Young Suk Yeom opened Hayashi in September 2004. A native of Korea, Yeom worked in fashion marketing before coming to the United States to study business. She said she envisioned opening a Japanese-French fusion restaurant, but when she settled on the tiny Easton space, her plans had to be altered. The decor, however, dominated by large black-and-white photographs she took of Japanese models at a Paris fashion show, reflects her original vision.

Thanks to a thoughtful design, the 900-square-foot (and that’s including the kitchen space) restaurant doesn’t feel cramped. The dining area can seat about 20 people and another five at the sushi bar.

Yeom started the restaurant with her then-boyfriend, a sushi chef named Hayashi (hence the website address of ilovehayashi.com). He designed the menu and provided the sushi expertise. The Korean recipes are from Yeom’s mother, who ran a traditional Korean restaurant in Seoul. Also, “Hayashi means forest in Japanese,” she explained, “and I wanted to provide a natural, calming place for my customers.”

The restaurant is also a labor of love. Yeom is the manager, decorator, webmaster, caterer, hostess, and even chef when necessary. “I do everything by myself,” she said, now that the restaurant’s namesake is out of the picture.

That love is reflected in the dishes she serves, which are consistently delicious.

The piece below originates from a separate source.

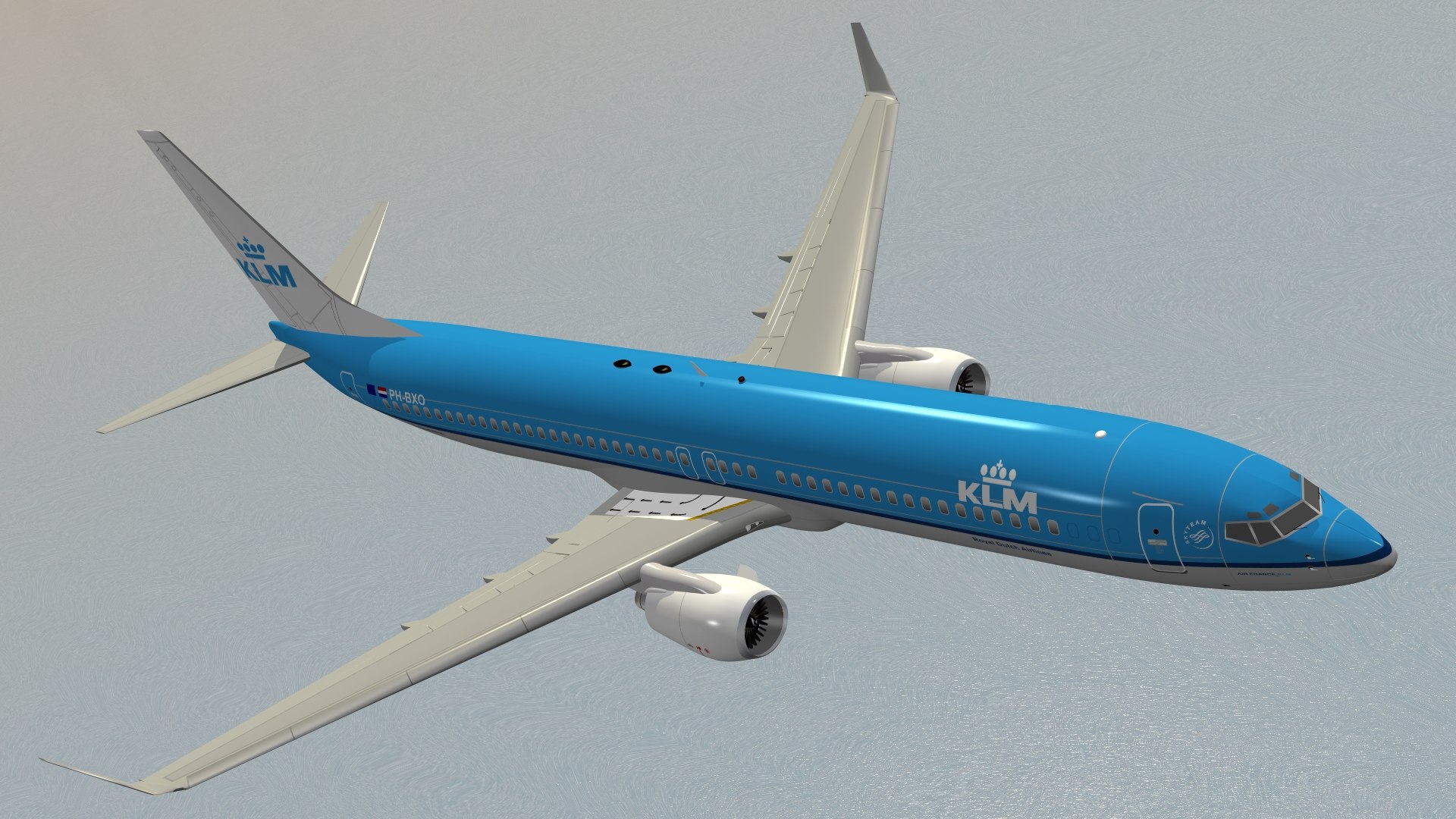 3d Boeing 737-900 Klm
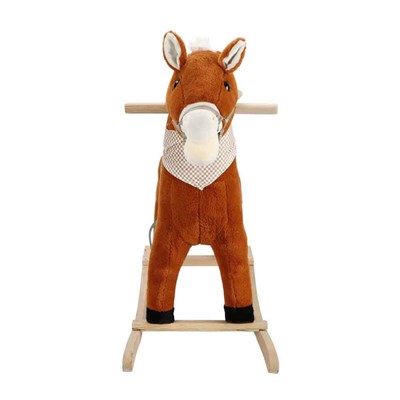 Selay Peluş Tobby Sallanan At 65 Cm Açık Kahverengi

We started with a pizza maki ($13), an oven-toasted roll made with shrimp, crab salad, cucumber, avocado, cheddar cheese, and sprinkled with fish roe and tempura crumbs. I was expecting a pizza-shaped dish instead of a roll, but just one bite banished any qualms. And yes, cheese does go well with sushi.

A chef’s special roll, called Long Island maki ($16) here, is not on the menu, but it’s something worth asking for. The roll is a feast for the eyes: slices of raw tuna and salmon arranged on a flat bed of deep-fried nori-rice layer, topped with multihued flying fish roe, black sesame seeds, and tempura crumbs, and drizzled with a spicy mayo sauce. It’s also a feast for the taste buds: The warm confection exploded with contrasting textures while melding harmonious flavors.

Another interesting appetizer was the hamachi-kama ($10), broiled yellowtail collars served with teriyaki sauce. The two meaty collars, lightly salted with a sweet sauce, were quickly picked clean by my teenagers.

Our entrees, which came with the standard miso soup, were also satisfying. The seared tuna teriyaki ($18) consisted of succulent chunks of seasoned tuna expertly cooked so that the insides were still rare. It was served with vegetables and rice, and drizzled with light teriyaki sauce that didn’t overwhelm the fresh fish.

The beef and vegetable bibimbap ($15) was a heady combination of marinated slices of beef, vegetables, and fried egg over rice. My only disappointment with this signature Korean dish was that while the rice was kept warm by the stone pot, it didn’t have the expected crunchy layer.

A dish of hae dup bob ($17) was an assortment of raw fish slices and vegetables on a bed of vinegared rice. A squeeze bottle of Korean chili sauce is provided so diners can adjust the heat to their comfort level.

Hayashi offers lunch specials Tuesday through Saturday, from 11 a.m. to 2:30 p.m. We had the tempura udon ($11), a bowl of thick noodles and vegetables in a fragrant broth accompanied by two large deep-fried shrimp, all of which were devoured quickly.

The tempura sushi combo ($13) was a pretty combination of fried shrimp and vegetables, three pieces of sashimi, two pieces of sushi, and six pieces of California maki.

While we found the food excellent, service can be spotty, especially when all the tables are occupied. On a busy Friday night, our waiter forgot to bring a glass for a can of beer, even after being reminded. An order of uni never arrived, and it wasn’t until halfway through the meal that he apologized, saying they were out of the sea urchin roe.

In a phone interview, Yeom said she has many loyal customers who think nothing of helping her clear tables when she’s backed up. Every community deserves such a high-quality neighborhood joint.